With the pictures left out, print exactly the lines below that run from the one containing "Vue aérienne du" through the one containing "Usados Cambiador de".
================
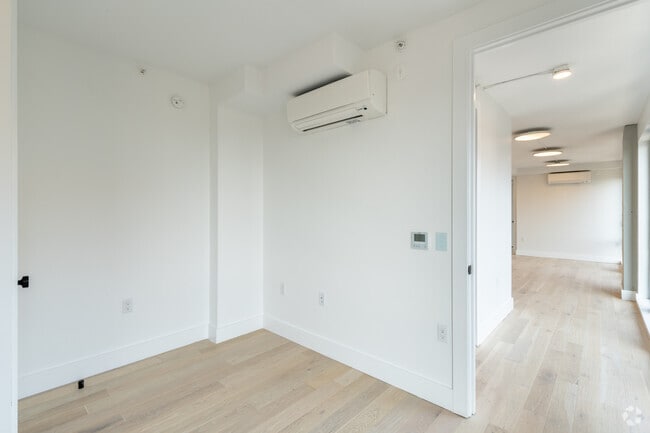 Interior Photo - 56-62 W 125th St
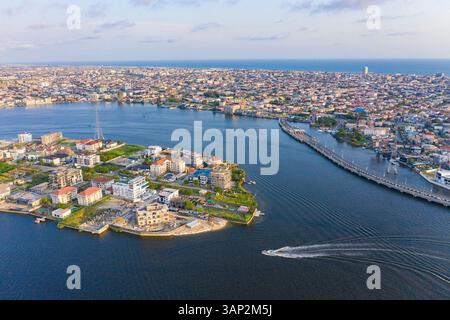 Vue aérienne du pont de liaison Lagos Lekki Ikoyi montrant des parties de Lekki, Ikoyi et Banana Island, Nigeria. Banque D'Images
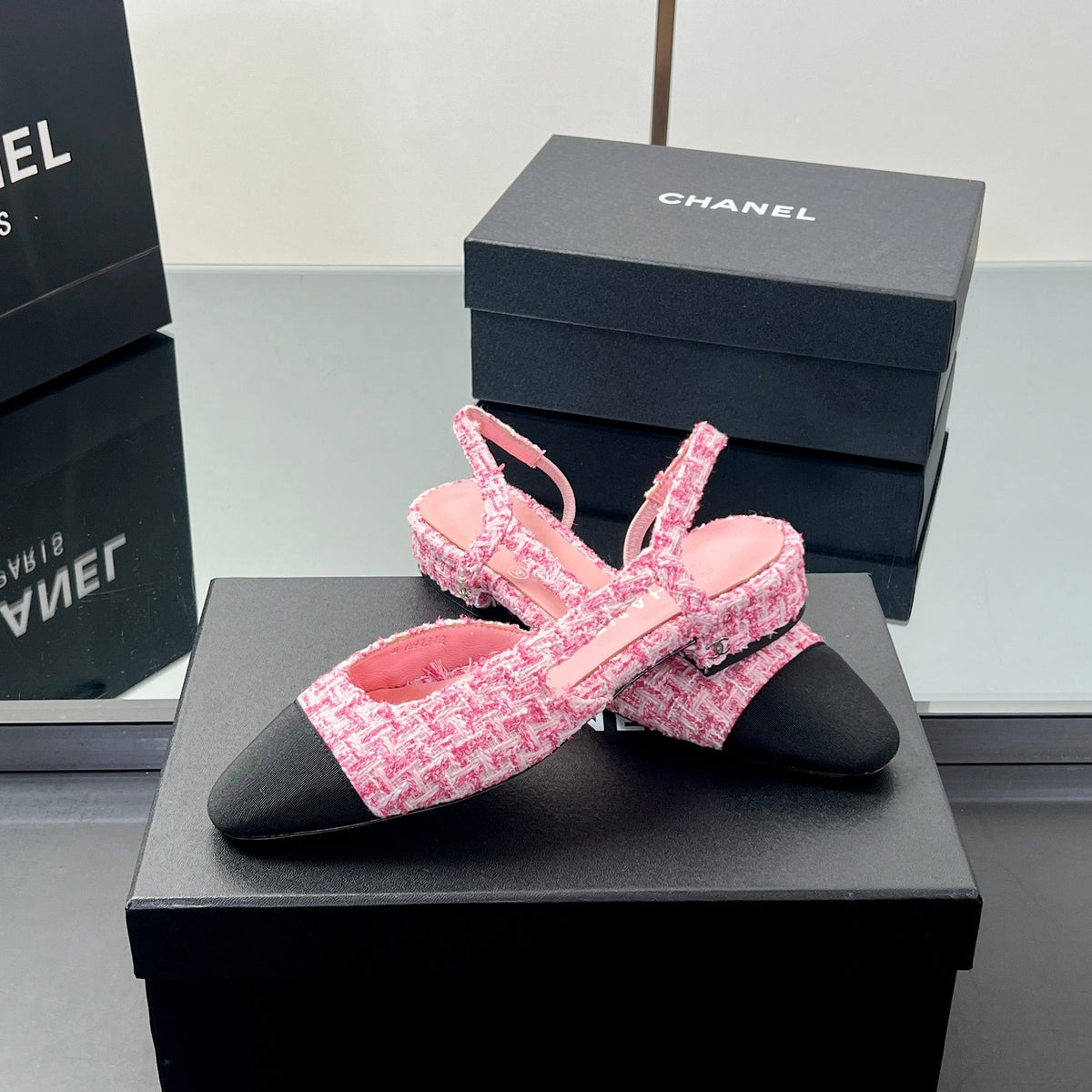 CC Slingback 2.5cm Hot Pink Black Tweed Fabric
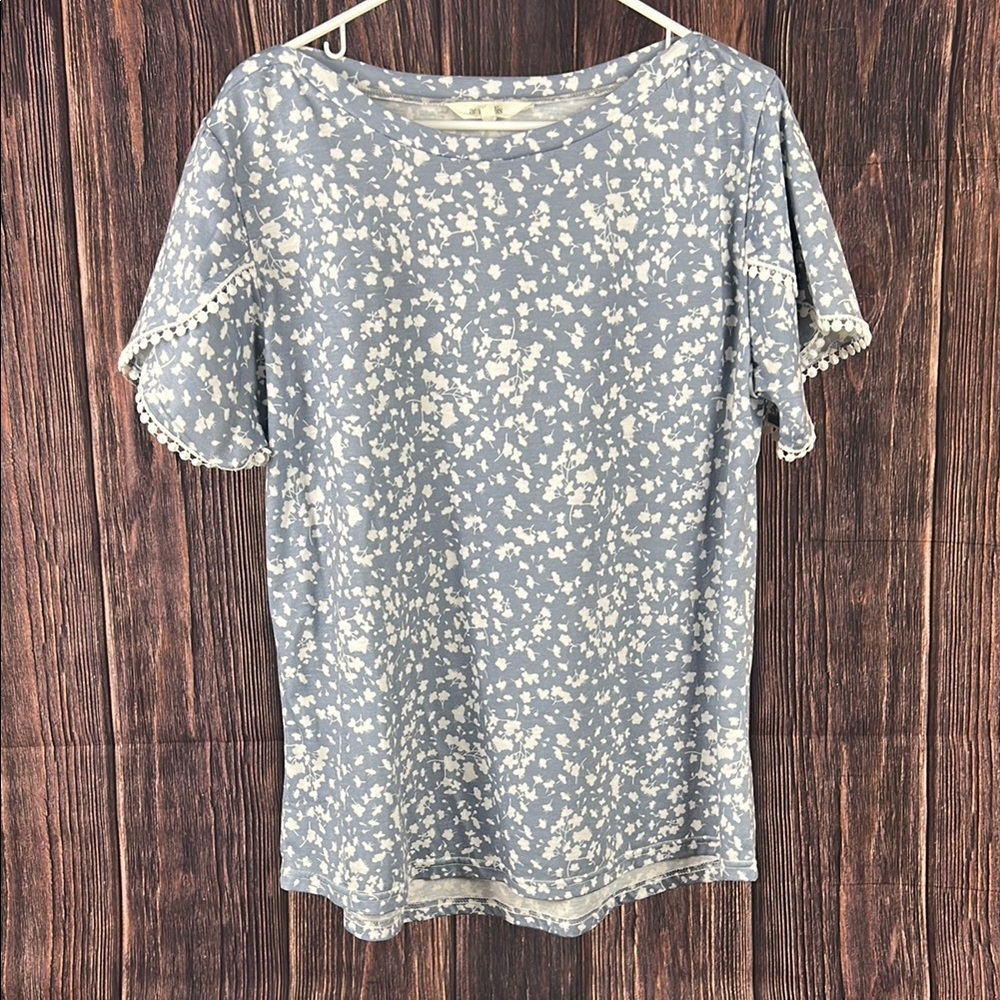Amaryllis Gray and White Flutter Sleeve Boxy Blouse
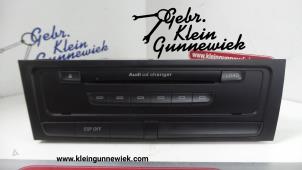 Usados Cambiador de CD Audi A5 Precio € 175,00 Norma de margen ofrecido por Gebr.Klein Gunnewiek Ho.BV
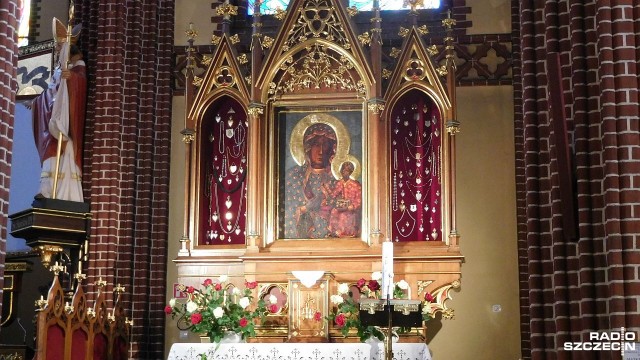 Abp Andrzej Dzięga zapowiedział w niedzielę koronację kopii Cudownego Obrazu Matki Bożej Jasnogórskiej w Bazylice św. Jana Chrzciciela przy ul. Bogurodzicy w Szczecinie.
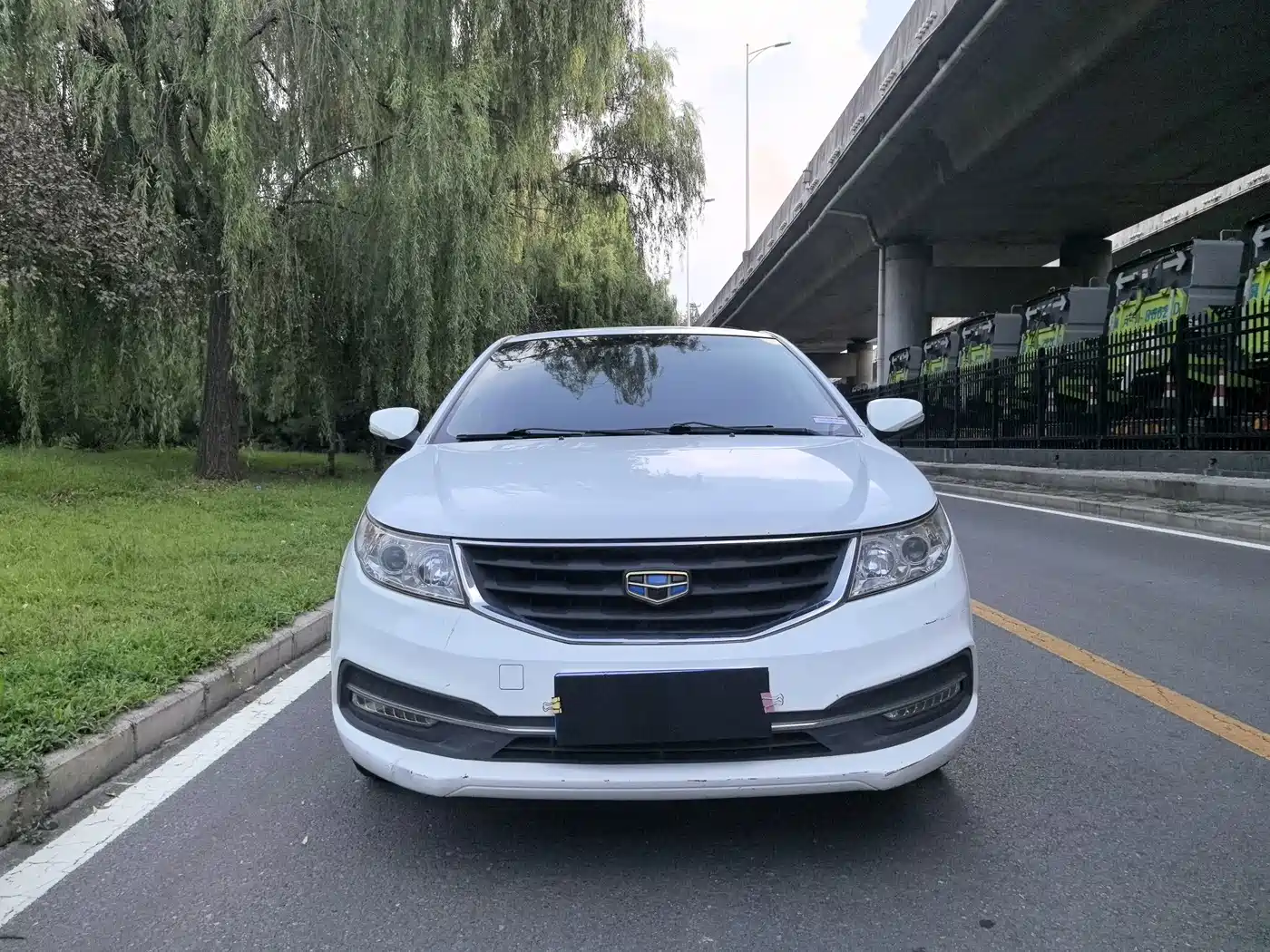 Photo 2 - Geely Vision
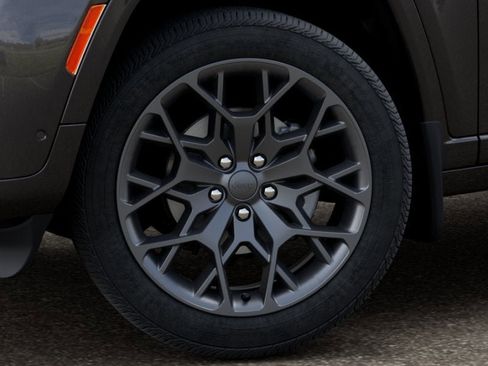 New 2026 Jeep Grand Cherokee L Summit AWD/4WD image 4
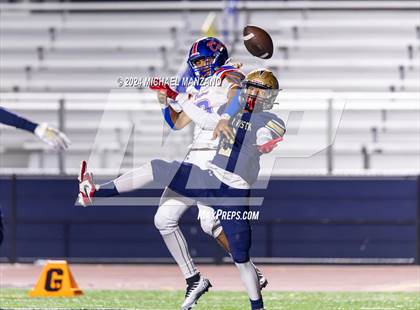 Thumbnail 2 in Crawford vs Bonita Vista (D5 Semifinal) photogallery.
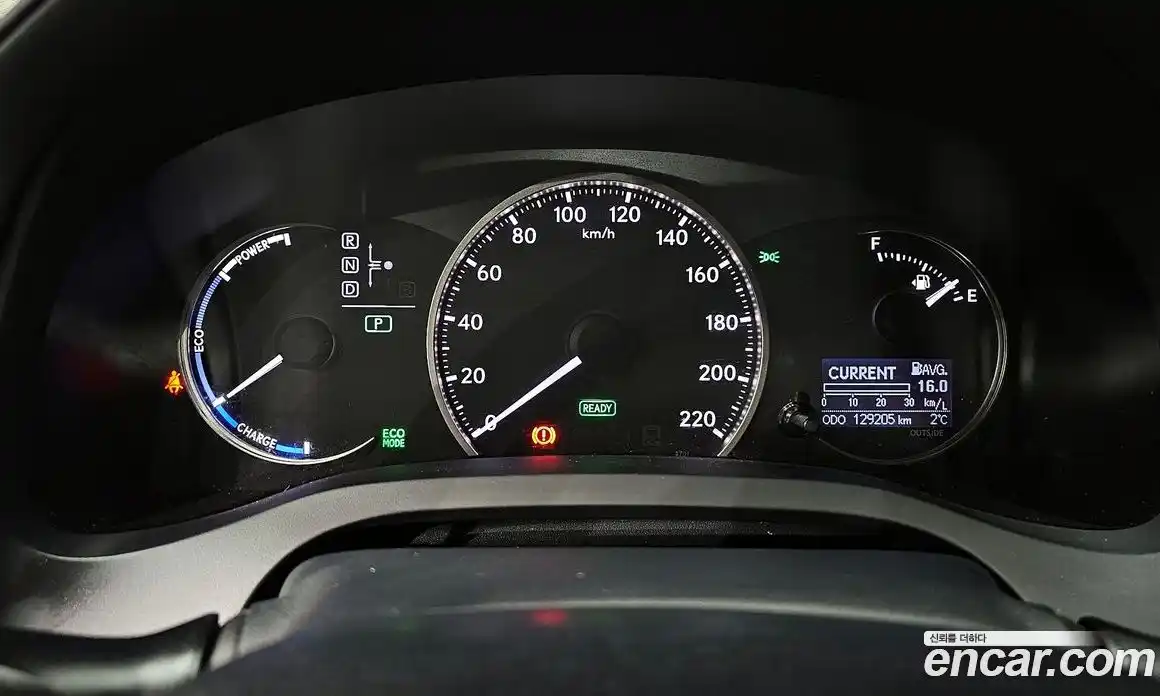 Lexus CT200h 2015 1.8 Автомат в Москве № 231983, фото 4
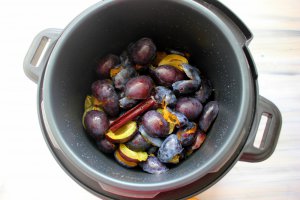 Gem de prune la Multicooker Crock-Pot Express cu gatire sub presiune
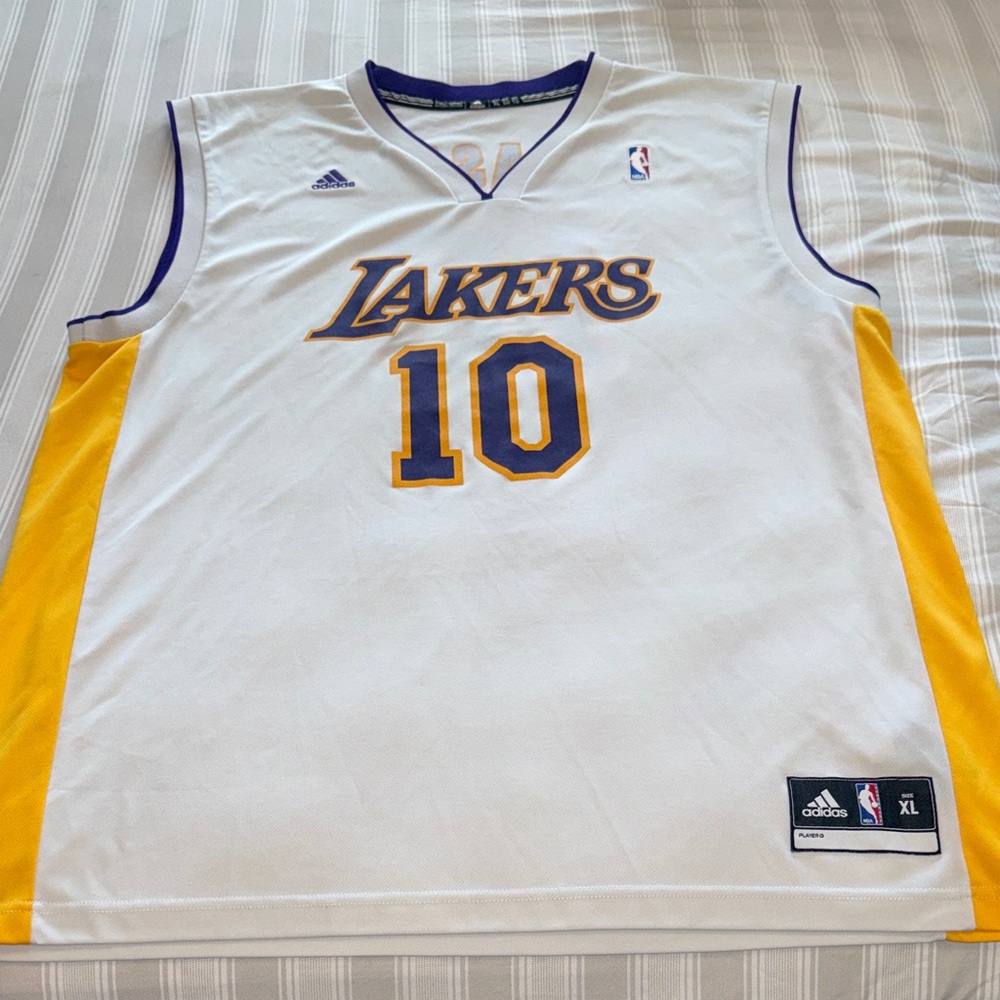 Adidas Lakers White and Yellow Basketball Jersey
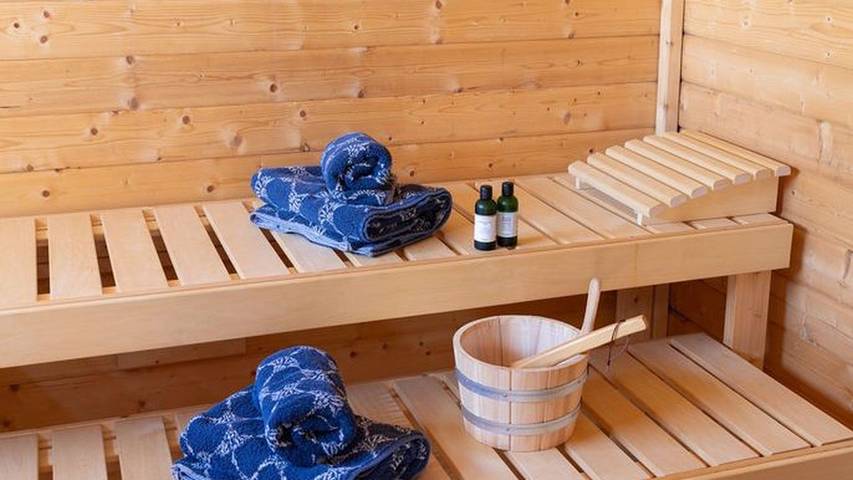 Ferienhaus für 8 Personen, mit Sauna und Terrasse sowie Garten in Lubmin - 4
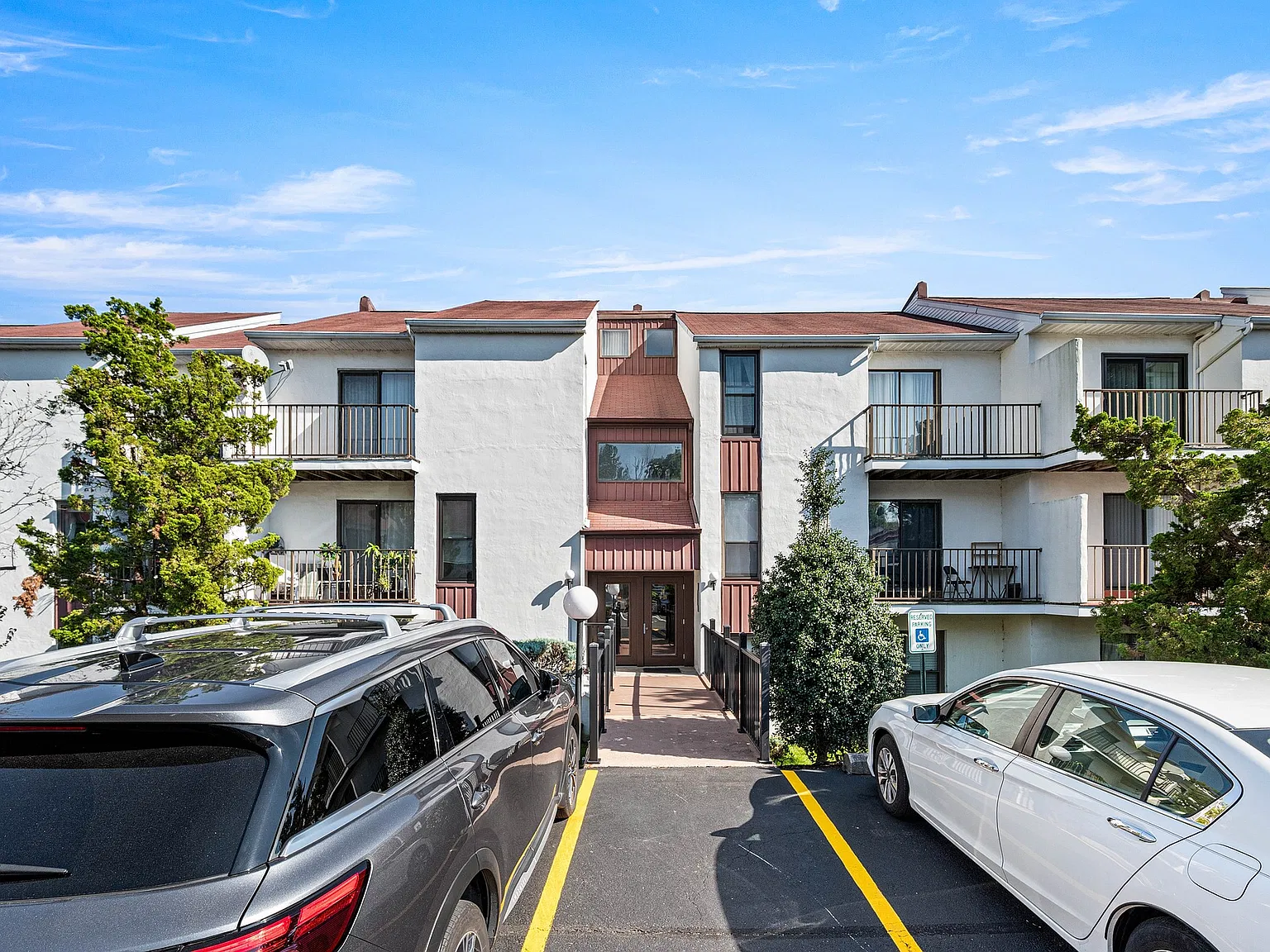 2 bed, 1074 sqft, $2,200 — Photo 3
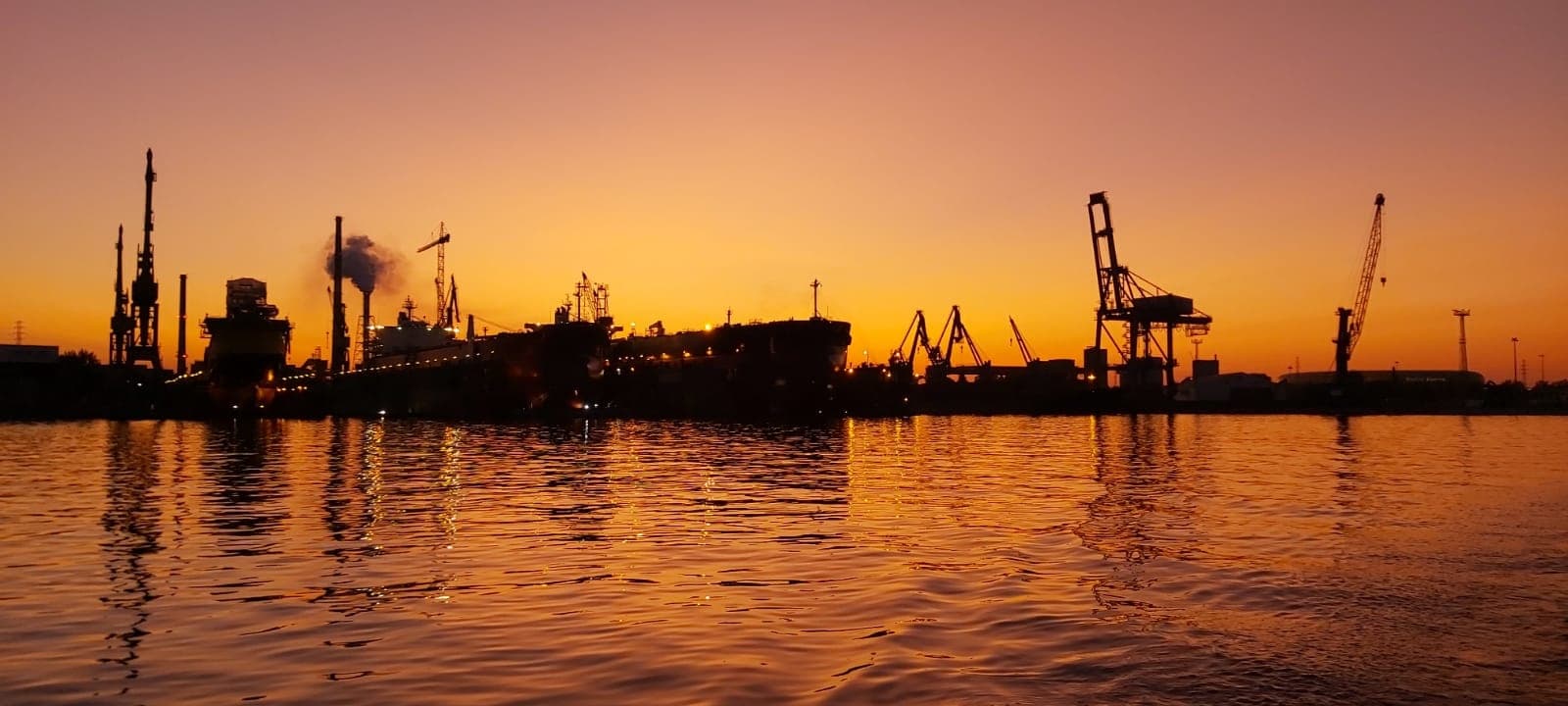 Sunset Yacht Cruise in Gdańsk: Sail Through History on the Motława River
================
Answer area:
 Vue aérienne du pont de liaison Lagos Lekki Ikoyi montrant des parties de Lekki, Ikoyi et Banana Island, Nigeria. Banque D'Images
 CC Slingback 2.5cm Hot Pink Black Tweed Fabric
Amaryllis Gray and White Flutter Sleeve Boxy Blouse
 Usados Cambiador de CD Audi A5 Precio € 175,00 Norma de margen ofrecido por Gebr.Klein Gunnewiek Ho.BV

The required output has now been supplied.